Building Powerful Brand Identities

 

By Alan Siegel, Founder, and President, Siegelvision

The rapid, unrelenting pace and overwhelming quantity of information in our society make it a difficult time to communicate, to cut through the noise, clutter, and falsehoods. It is challenging for institutions in both the for-profit and not-for-profit sectors to define who they are, what they stand for, and why they should be supported. Not-for-profits are struggling to differentiate their organizations from competitors in the same space, to attract supportive board members, to meet their budget requirements and raise their visibility and relevance.

The cornerstone of authentic and distinctive identity is a clearly defined purpose

An organization’s purpose is its reason for being in business – the problems and opportunities it seeks to address. Purpose replaces the generic, predictable, and uninspired mission and vision statements that employees can’t remember, or don’t pay attention to when making decisions.

Putting effort into defining a crisp, dynamic purpose statement provides a framework for making strategic decisions. By fashioning a bold position that differentiates you from the competition, you can create a penetrating brand voice and foster a culture.

Take time to construct a bold and even passionate positioning

Positioning is the cornerstone of your marketing communications program. When well-crafted, it should raise visibility and relevance by clearly stating what you stand for in ways that are meaningful for both employees and external audiences. It is a standard bearer – a rallying cry for making strategic decisions, dramatically setting your organization apart from its competitors and engaging your staff to live the brand.

Unfortunately, we are often bombarded by unintelligible taglines masquerading as purpose-based positioning. Always strive to construct a positioning statement that captures the passion, personality, essential strengths, and future vision of your institution.

Defining your brand voice

The overwhelming number of advertising campaigns and related marketing communications programs produced by all types of organizations are uncoordinated and fragmented, don’t reflect their distinctive personalities and certainly have no consistent message across various media platforms.

Most of the branding programs I have observed and even built in recent years have a nucleus of four or five words selected to define the tone and character of their brand communications. Calibrating an organization’s voice to project the right pitch, tone, and volume is only part of the equation. This wildly disruptive environment requires a more robust approach to build a voice program. The program must not only embrace how you speak (the tone and character of your verbal and visual communications) but what you say (the messages and content of your communications), as well as how you behave (how you interact with your core audiences to live the brand). This more expansive definition of brand voice reinforces that brand voice has been elevated from one of the many components used to define a brand to the focal point for expressing the brand.

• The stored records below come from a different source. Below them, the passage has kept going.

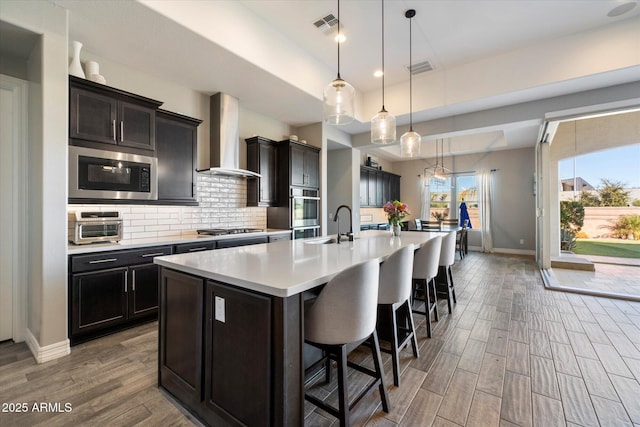 kitchen with built in microwave, wall chimney exhaust hood, stainless steel gas cooktop, an island with sink, and pendant lighting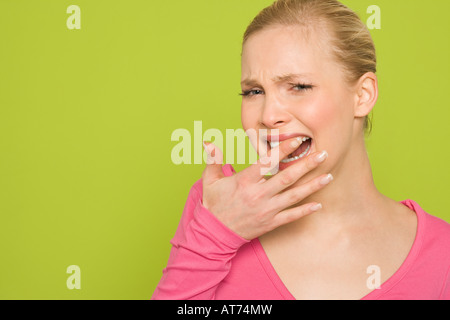 Femme sentant ses dent avec son doigt, portrait Banque D'Images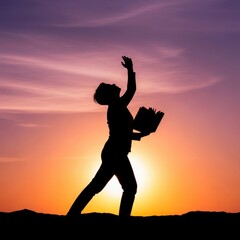 Silhouette of a person holding a book against a vibrant sunset sky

In an environment where speed, novelty, distraction, and noise rule, a brand voice program faces new challenges. Consideration must be given to personalize communications, provide for two-way conversations, respond instantaneously to social media rumors, and create customized communications on expanding digital platforms.

We all acknowledge that social media shapes the news. For many people, social media is the new TV. These media platforms don’t allow room for nuanced portraits or artistic layouts. It takes a lot of imagination to generate quick snatches of graphic imagery that captures your voice. Anything that can create that “red thread” in every touchpoint is a crucial ingredient in your voice.

Other components of an effective voice program must include personalizing your voice, using what you already know about someone to enrich each interaction. This means addressing your employees, donors, and service recipients with communications that recognize your relationship with them. As AI technology continues to advance, these individuals will expect confirmation that they are not merely a number.

Brand narrative

There is a growing body of evidence that a brand narrative is more effective than a fact-rich, rational presentation. Not-for-profits should aim to transform their strategic framework into a coherent, emotional story that projects the positioning in a proud, bold voice. An excellent example of a brand narrative is from the City University of New York:

There’s a statue in our harbor that welcomes the world, promises hope, opportunity, and a better life.

And there is a unique institution in our city that helps all New Yorkers achieve just that.

The City University of New York.

It has lifted generations of families. Educated millions of people. A recent in-depth study showed that CUNY propels almost six times as many low-income students into the middle class and beyond as all eight Ivy League campuses, plus Duke, M.I.T., Stanford, and Chicago, combined. It is one of the noblest, worthy, and just creations that this city has ever constructed.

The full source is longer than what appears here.